Well I just finished watching Miami Vice and wow thats about what I can say...

Everything looked extremely sharp, text and things on monitors and walls and just ever little itty bitty detail was there and just amazing. HDTV is good but wow this is amazing....not sure I can look at DVDs the same again :holycow: 

~Bob


----------



## khellandros66 (Jun 7, 2006)

Hey everyone,

I went back to Best Buy with the Circuit City ad and griped a bit and got the run around :rant: :boxer: 

So I went to another Best Buy 20 mins away and talked to a GM and she let me PICK the four free movies! :jump: :jump: :jump: 

So i got 

The Thing
King Kong
The Departed
Babel

EDIT: Jut got done watching The Thing, and if it weren't for the fact that I know it was made in 1982 and the fact that the styles of hair music were late 70s early 80ish that this movie was made yesterday. Only minor 35mm film blips like hair, dust etc came across other than that it was 7/10 image and 8/10 audio. I give Miami Vice 9/10 image and 8/10 audio for sure.
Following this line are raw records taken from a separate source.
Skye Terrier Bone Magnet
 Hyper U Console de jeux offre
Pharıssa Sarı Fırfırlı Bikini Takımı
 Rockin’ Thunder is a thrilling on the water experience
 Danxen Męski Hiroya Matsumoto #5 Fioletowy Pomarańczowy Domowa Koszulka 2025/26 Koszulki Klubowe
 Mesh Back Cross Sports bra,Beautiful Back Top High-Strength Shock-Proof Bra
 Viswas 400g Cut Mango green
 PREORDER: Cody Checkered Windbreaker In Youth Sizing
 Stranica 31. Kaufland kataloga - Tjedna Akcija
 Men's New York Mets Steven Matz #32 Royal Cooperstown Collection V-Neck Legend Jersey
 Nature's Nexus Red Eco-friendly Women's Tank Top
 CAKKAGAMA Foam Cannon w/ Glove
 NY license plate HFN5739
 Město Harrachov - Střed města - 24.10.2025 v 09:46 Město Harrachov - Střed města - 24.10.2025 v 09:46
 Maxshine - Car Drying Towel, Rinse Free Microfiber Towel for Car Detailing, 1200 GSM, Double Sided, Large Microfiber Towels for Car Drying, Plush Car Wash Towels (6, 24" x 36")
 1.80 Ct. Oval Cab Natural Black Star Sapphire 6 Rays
Also here is a link to an AVS post that someone is host the firmware updates to burn to CD and it worked perfectly.

AVS Post


----------



## khellandros66 (Jun 7, 2006)

The firmaware update went smooth.

Also did some serious comparing and here is my mini review thus far.

I own King Kong HD-DVD and my folks the SD-DVD. I poped the SD-DVD into my changer to see what the difference was between the HD and SD. The SD upconverted was good but not magical. Alot of the scaling just made some details sharper but added noticible edg enhancement errors specifically on reds. On my changer it was like 50% of the HD-DVD version in terms of overall quality.

So this got my curiousity going. I did a comparison of the SD-DVD on both the changer and the HD-A2 and the HD-A2 had far less issues with edge enhancement and was closer to 60% of the quality of the HD-DVD version. Not as good but better still. 

EDIT: I found a cheap optical splitter and optical to Coaxial Converter hopefully they can work if I decide to sell the changer.

~Bobby


----------